**PROBLEM TO SOLVE**
Provide again, from the entries below, every line from the one containing "Cascade Compact Tote" through the one containing "Clarks Batcombe Lord", exactly as written, and no other line.

**SOURCE RECORDS**
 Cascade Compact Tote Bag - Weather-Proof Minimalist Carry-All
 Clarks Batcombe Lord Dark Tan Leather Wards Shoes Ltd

* * *

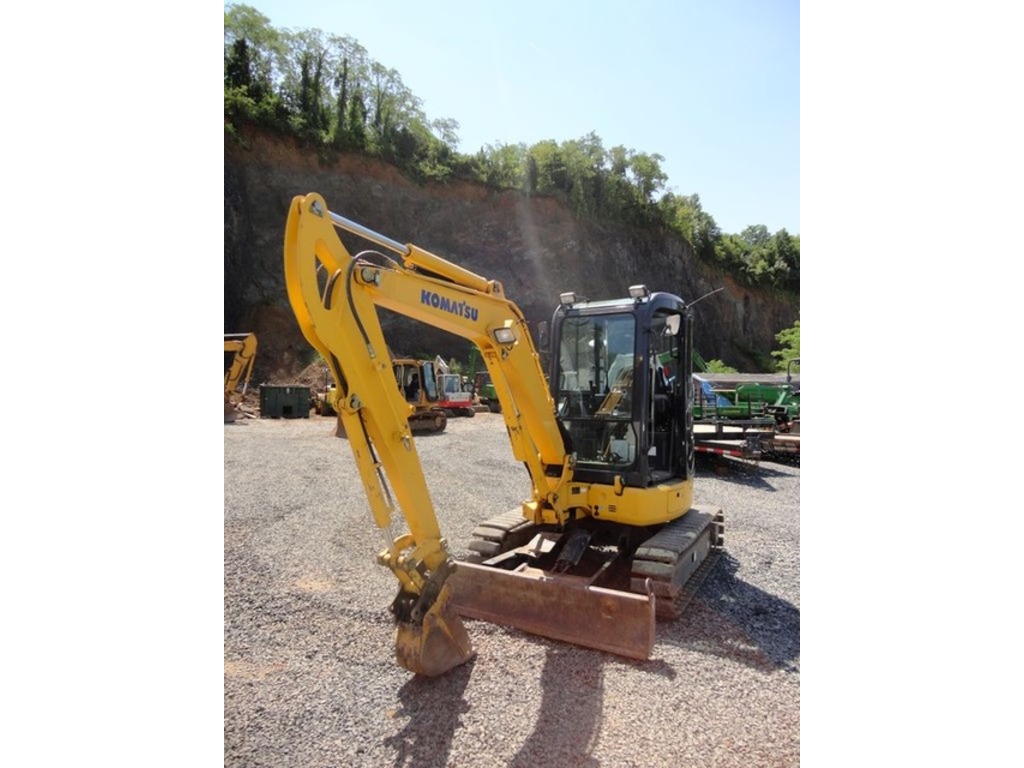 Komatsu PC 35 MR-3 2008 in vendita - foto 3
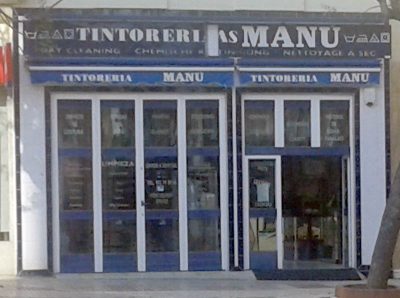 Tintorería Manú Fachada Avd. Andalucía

==

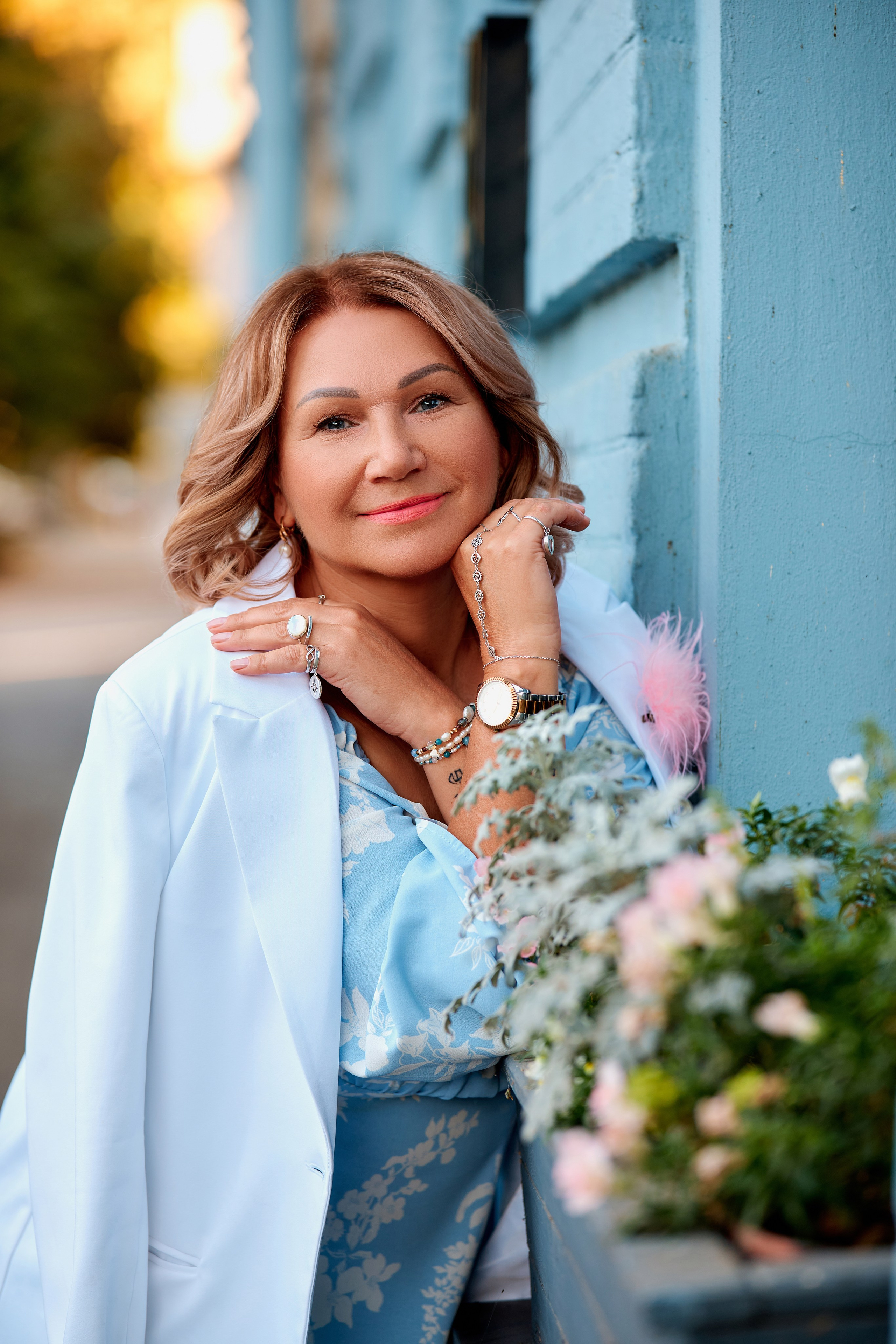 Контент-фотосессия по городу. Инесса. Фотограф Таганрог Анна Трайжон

**SOLUTION TO THE PROBLEM**
 Cascade Compact Tote Bag - Weather-Proof Minimalist Carry-All
 Clarks Batcombe Lord Dark Tan Leather Wards Shoes Ltd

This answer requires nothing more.